What to work on> When you find the line with "Purple perfume bottle" among the records below, reproduce it and each line after it exactly, ending with the line with "山羊革 A4可能 ダークグリーン".

Available data>
== Segment start ==
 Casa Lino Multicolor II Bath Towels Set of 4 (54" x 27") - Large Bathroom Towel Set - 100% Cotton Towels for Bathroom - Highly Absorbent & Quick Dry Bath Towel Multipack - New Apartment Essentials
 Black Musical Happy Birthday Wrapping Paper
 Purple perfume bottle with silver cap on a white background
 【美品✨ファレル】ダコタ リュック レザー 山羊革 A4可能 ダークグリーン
== Segment end ==
== Segment start ==
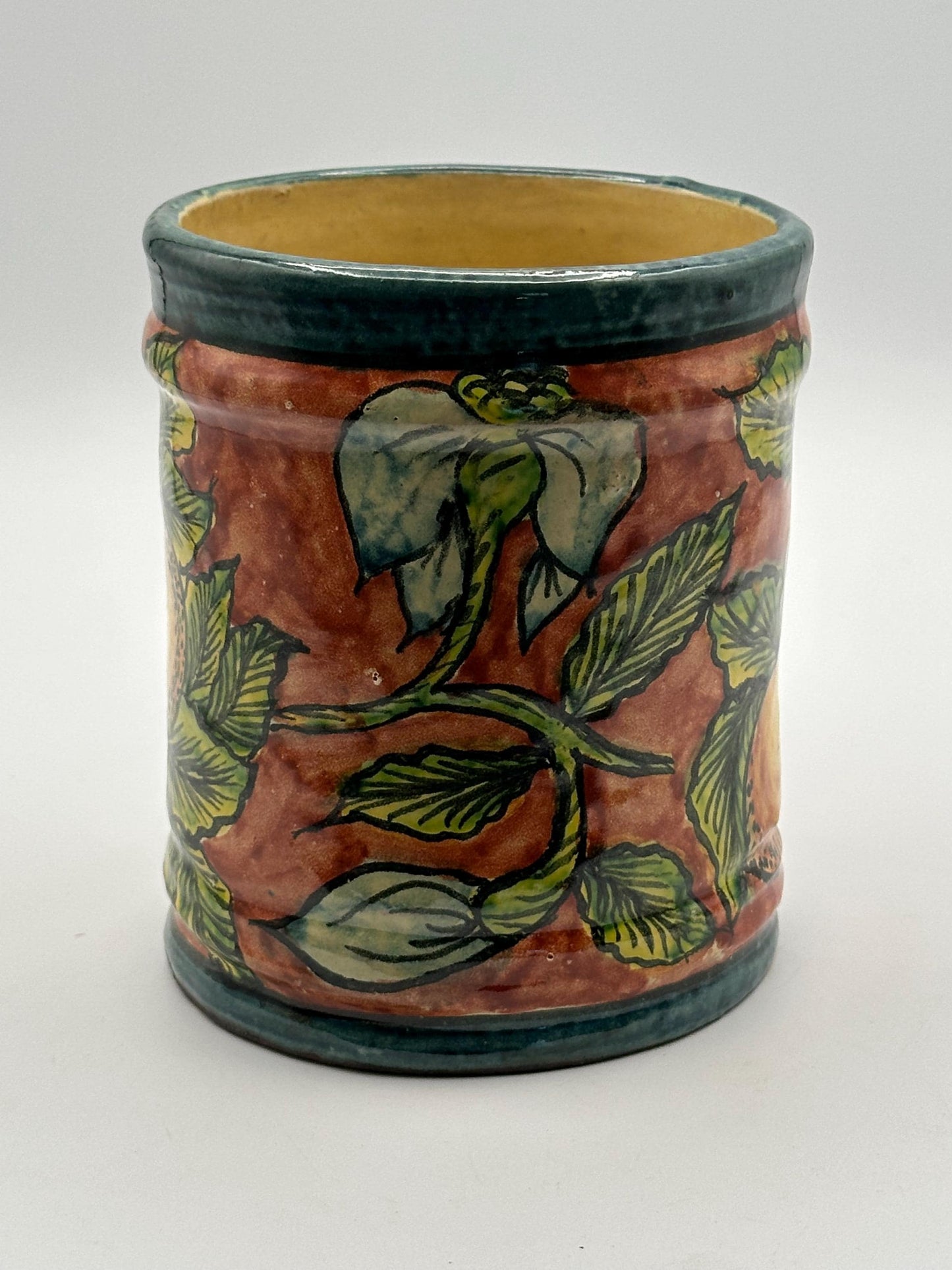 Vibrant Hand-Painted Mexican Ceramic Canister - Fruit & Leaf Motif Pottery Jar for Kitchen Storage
== Segment end ==
== Segment start ==
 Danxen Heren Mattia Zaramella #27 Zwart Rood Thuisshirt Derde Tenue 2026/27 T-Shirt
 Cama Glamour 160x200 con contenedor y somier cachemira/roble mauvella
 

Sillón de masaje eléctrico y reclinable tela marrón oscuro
== Segment end ==
Reply to the exercise>
 Purple perfume bottle with silver cap on a white background
 【美品✨ファレル】ダコタ リュック レザー 山羊革 A4可能 ダークグリーン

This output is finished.